I love actors, but baking them into the language like this seems like the wrong approach to me.
The language should provide all the necessary abstractions to create an isolated context. Actors can then "just" be a default abstraction provided by the standard library.
Side note: has the Swift cross platform support improved? I was very much looking forward to using Swift as a general purpose language, but Apple didn't seem very interested in making it a true first class cross platform language. I believe IBM also dropped their "Swift for the server" efforts a while ago due to similar concerns.
While it takes some work I have successfully run Swift code on the usual suspects (iOS/Mac) as well as Windows, Android and Linux.

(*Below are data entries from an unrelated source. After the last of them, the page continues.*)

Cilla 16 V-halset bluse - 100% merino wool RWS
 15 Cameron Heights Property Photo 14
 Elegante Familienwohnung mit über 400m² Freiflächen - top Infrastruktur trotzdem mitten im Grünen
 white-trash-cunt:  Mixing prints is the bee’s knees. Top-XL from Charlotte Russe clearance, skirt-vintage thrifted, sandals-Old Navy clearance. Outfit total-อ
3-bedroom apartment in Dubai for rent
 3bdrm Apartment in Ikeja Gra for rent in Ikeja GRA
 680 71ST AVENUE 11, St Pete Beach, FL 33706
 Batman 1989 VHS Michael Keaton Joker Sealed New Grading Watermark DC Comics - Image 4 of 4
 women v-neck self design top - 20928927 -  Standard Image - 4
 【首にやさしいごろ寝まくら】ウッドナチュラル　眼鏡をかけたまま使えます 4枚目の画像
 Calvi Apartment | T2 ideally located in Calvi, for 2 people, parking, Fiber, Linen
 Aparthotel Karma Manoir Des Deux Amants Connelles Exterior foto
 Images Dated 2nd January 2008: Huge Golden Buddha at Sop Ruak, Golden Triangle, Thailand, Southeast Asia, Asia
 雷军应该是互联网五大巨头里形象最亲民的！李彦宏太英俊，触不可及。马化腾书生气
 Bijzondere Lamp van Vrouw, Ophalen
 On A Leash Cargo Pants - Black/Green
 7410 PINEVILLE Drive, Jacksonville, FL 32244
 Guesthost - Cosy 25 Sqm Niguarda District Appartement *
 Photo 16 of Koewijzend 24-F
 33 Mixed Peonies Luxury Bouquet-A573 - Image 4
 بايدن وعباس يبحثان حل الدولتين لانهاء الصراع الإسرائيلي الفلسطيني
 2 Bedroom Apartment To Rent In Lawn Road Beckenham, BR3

If you ditch Foundation and rely on C libs you are able to use it pretty much anywhere.
i'd be EXTREMELY interested in knowing more about that. I'm currently developing an app on iOS in swift, in the hope of porting the model layer to other platforms such as android (i don't mind redevelopping the UI).
i have been carefully avoiding any objective-c code so far, but i must admit i haven't been to careful with foundation dependencies.
Do you have a blog post explaining what you did and what limitations you encountered ?
You can find some info by searching, there has been a few attempts to get it running on Android. Also just searching around github will net some other attempts.
The foundation dependency is the biggest problem. You can check out https://github.com/apple/swift-corelibs-foundation which gets rid of the objc runtime dependency for other platforms, though you will find yourself writing implementations for each eventually.
I would say if you are going to stay with just Android/iOS to look into maybe moving to Kotlin or C for your common layer and then call it from Swift. Kotlin multi-platform also has been improving recently.